There was a news conference at Target Center late Wednesday morning in which David Kahn promised to summarize his second season in charge of the Timberwolves' on-court product.

Kahn offered a preamble and then answered questions for 40 minutes. When he was finished, the room full of reporters failed in our duty. We should have risen as one to give the man a standing ovation.

The Wolves were 10 1/2 hours from completing the worst two-season stretch in the history of a franchise with some impressively poor two-season stretches. And yet Kahn peered through the carnage and said:

"I think the feeling around the league -- putting aside the customer base, the fan base -- is that this is a team on the come."

That's a very interesting concept, when you consider that the Wolves started their existence by firing coach Bill Musselman for winning too much in the first two seasons. They then spent the next two seasons dedicated to attaining the best draft choices, posting records of 15-67 in 1991-92 and 19-63 in 1992-93.

The combined 34 victories proved too high of a mountain to climb for Kahn's troops -- 15-67 in 2009-10 and 17-65 after Wednesday night's 2010-11 finale.
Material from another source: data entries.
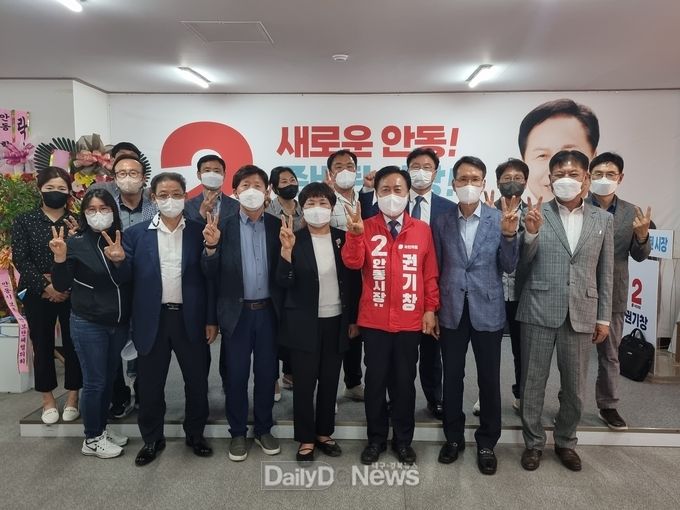 권기창 안동시장 후보, 안동시사회복지협의회와 정책간담회 개최
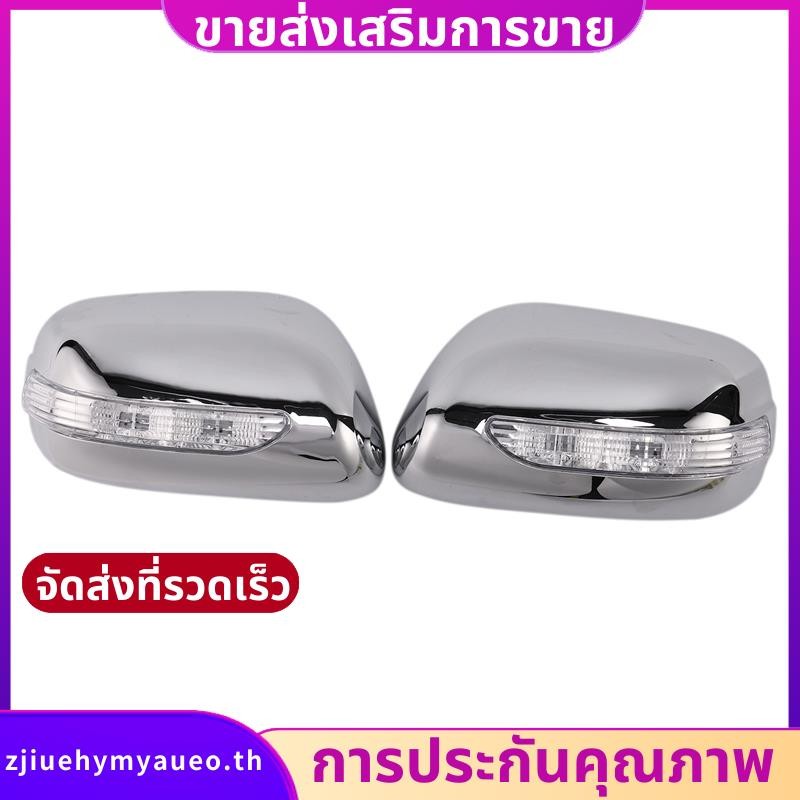 ฝาครอบกระจกมองหลังรถยนต์สําหรับ Toyota Wish 2003-2007 ABS Chrome ZJTH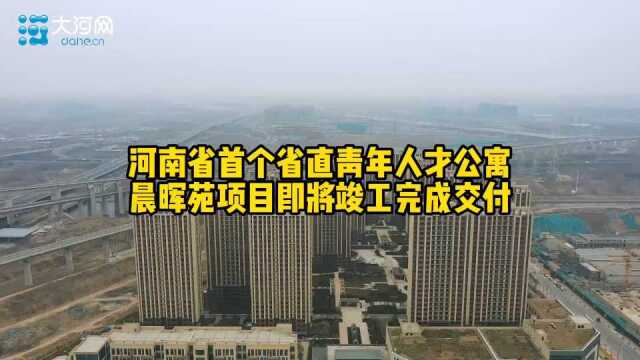 为“郑漂”打造第一个家!青年人才公寓内部装修曝光→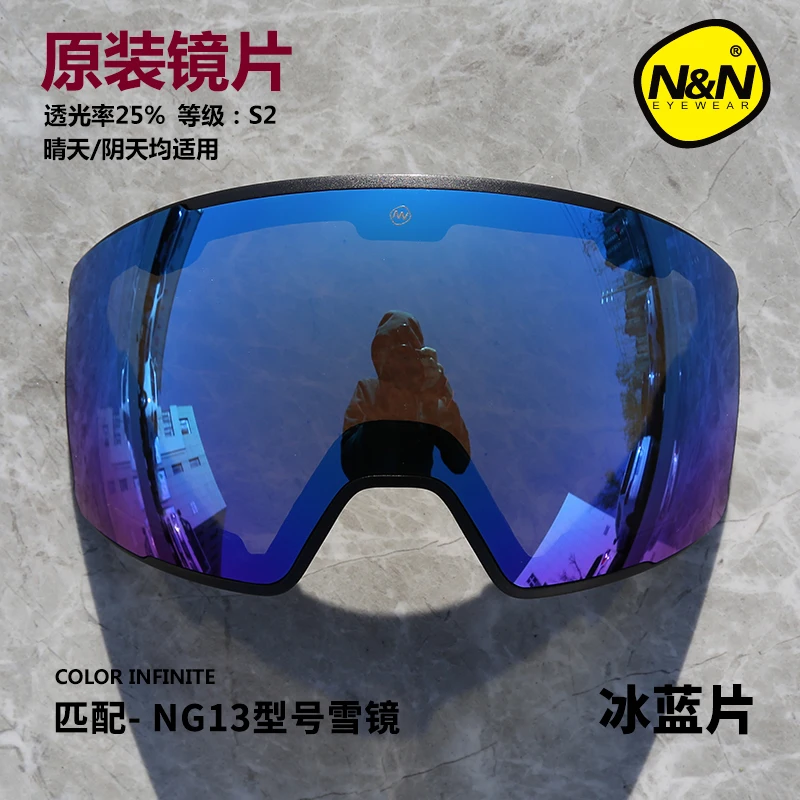 NANDN лыжные очки с двойной противотуманной линзой [для NG13] | Спорт и развлечения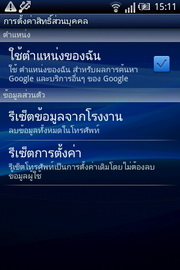 Sony Ericsson W8 Walkman - โซนี่ อีริคสัน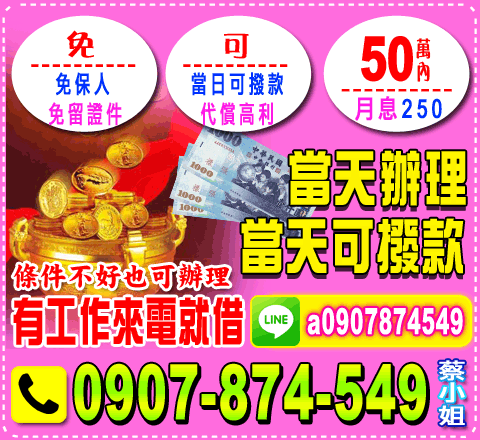 當天辦理當天可撥款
Kahn was hired on May 22, 2009. Only Kevin Love remains from the group he inherited, unless you want to count Sebastian Telfair, who was here in April 2009, was traded, came back and now will be leaving again.

Asked about two years of constant change with personnel, Kahn said:

"We're done turning over. ... We no doubt have a lot of fine-tuning to do this summer, but I don't want to mistake fine-tuning with an overhaul. We're done with that. There are a lot of players on this roster that all of us really likes, and the community likes, and I think they are the kinds of players that will be here for many, many years to come."

For some reason, Kahn's fine-tuning remarks got me thinking about my first car -- a 1954 Chevy that I bought from my Aunt Peggy for $100. The Chevy went through a few mishaps and yet the blue bomber kept working.

Finally came a day when it was fired up and a blade came off the fan. It sliced through the hood and went skyward as if it was a Vanguard 1 satellite.

And my reaction was: "Aunt Peggy's Chevy needs a significant tuneup."

Now, all these years later, David Kahn sees a product with dents and tears and missing pieces, and he says in many, many words: "We're not quite perfect yet; we could use a tuneup."

It was clear Wednesday that a major element of the tuneup will be the departure of coach Kurt Rambis. You don't run into this often: news conferences where a coach finds out that he's going to be fired without the words actually being spoken.

Kahn: "I certainly have some ideas, some thoughts and some notions. ... I also feel more determined than ever, this won't happen again. We cannot let this happen again. The status quo is not acceptable. It's just not."

Rambis: Strike one on the outside corner.

Kahn: "... I felt the team was improving dramatically individually. And then for whatever reason, tracing back to the week before the All-Star break and the week after, it just stopped. And I don't know why."

Rambis: Strike two on the inside corner.

Kahn: "... This is a very different team than a year ago, but this is two years in a row where, for whatever reason, the team didn't improve as the season wore on. I think you can make a fair argument that a young team probably should show even more team improvement as the season winds down than an older team."

Rambis: Strike three, right down the gut.

And yet after this litany of failings, Kahn came with a punch line worthy of Bill Maher's "New Rules" when he said:

"I don't think this should disturb any of the optimism and the good feelings that at least I have and I hope a lot of people here share, maybe not in this room but in the community, that this team is headed in the right direction."

Bravo, bravo.

Come on, Glen Taylor. Let's pony up immediately for a Kahn extension. The guy is a hoot.